The practice was supported by Deng Xiaoping, chief architect of China's reform and opening to the outside world, and recognized by the Chinese government. Xiaogang has since been seen as the pace-setter of the nation's rural reform.

Allocating farmland to each household fired local farmers' enthusiasm for agriculture production, which had been contained in the outmoded planned economy. The ensuing 1980s became a primary period for development in China's rural areas, which once outperformed their urban peers.

However, since 1990, rural areas have gradually lost their luster, along with flows of large amounts of resources, including labor force, land and funds, to the cities.

Currently, farmers are dwarfed significantly by urbanites in terms of income, which are among the top concerns of the Chinese government.

Cai Liruo, Party secretary of Xida village in Longnan County of Ganzhou City, east China's Jiangxi Province, also watched the live TV broadcasting of Premier Wen's delivery of government work report. The next day, he pasted on his desk a newspaper that carried a story on implementing the new-countryside scheme.

"The scheme is the Premier's commitment, to which we pin our hope," Cai said.

An outlying mountain village, Xida is bestowed with only small lots of farmland for a total population of 4,413.

As early as in 2004, the village was designated as a pilot area for new-countryside scheme. It has since had its roads and water supply improved, doing away with unorderly rural landscape with trashes littered everywhere.

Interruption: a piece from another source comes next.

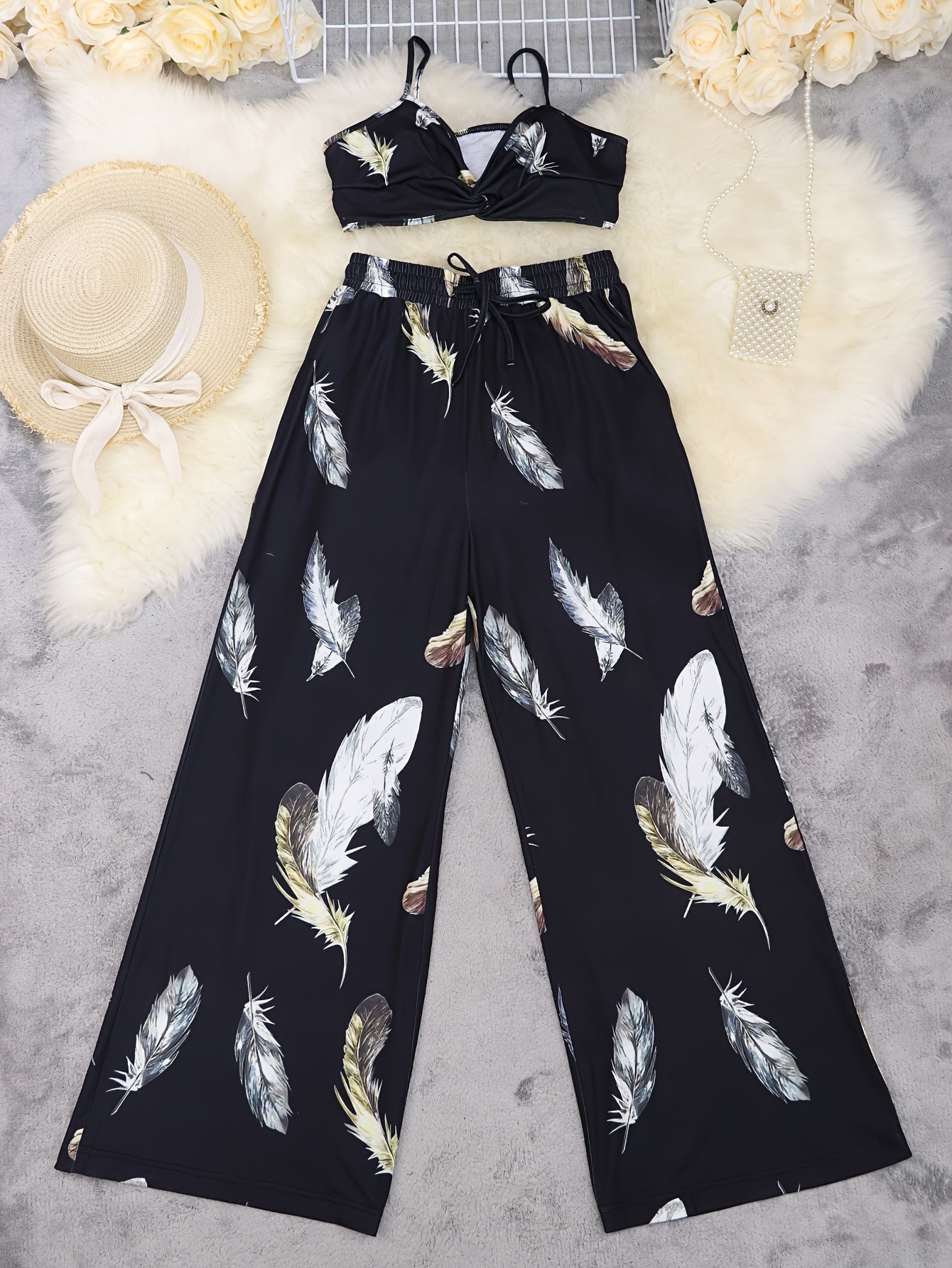 LN1433 New Summer Bohemian Print Strap Top Beach Vacation Style Women's Pants Set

Cai said, "Now we suffer most from insufficiency of capital for infrastructure construction.

The Premier said his government would set aside 339.7 billion yuan (US$42 billion) to address rural problems. We are looking forward to the money being put in place to help change the countryside thoroughly."

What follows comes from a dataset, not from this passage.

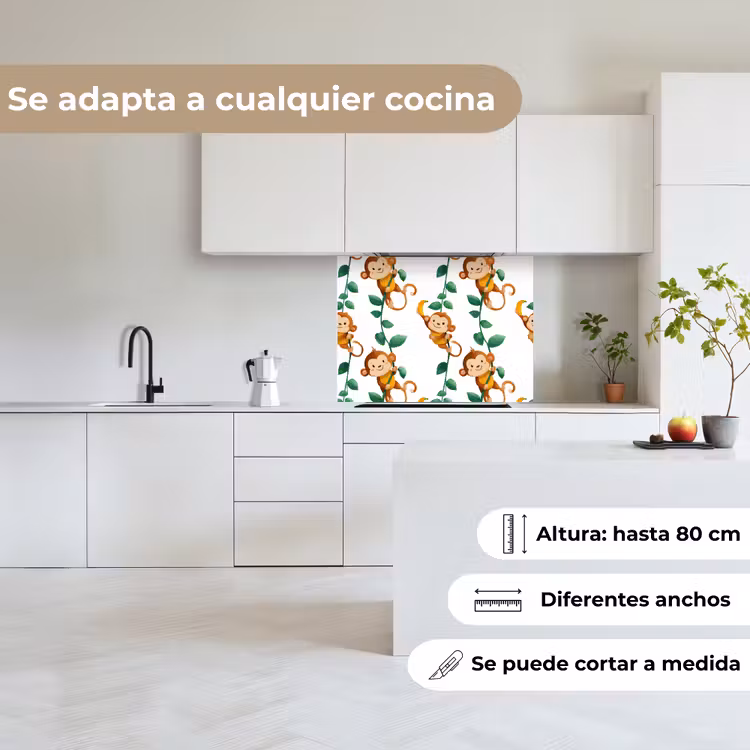 Revestimiento cocina - Monos - Lianas - Colorido — 6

It is reported that in the 2006-2010 period, Jiangxi, a province based on agricultural production, will have 10,000 kilometers of roads covered by pitch, cement or bricks.

This year the provincial government will allocated 600 million yuan (US$75 million) in improving infrastructure of 6,000 villages.

Zhang Chaosheng, a veteran farmer in Zizhong County, southwest China's Sichuan Province, was pleased with the following statements in the government work report -- "Over the next two years, we will completely eliminate tuition and miscellaneous fees for all rural students receiving compulsory education." and "The state will spend more than 20 billion yuan over the next five years on renovating hospital buildings in towns and townships and in some counties and upgrading their equipment."

Zhang also said that "education has been a heavy burden for farmers. The fee elimination will be a great relief for us."

"Moreover, my kids have gone to work in cities, then what will happen to us if we fall ill. The Government will pay for improved medical service in rural areas. This, too, will dispel our worries," Zhang added.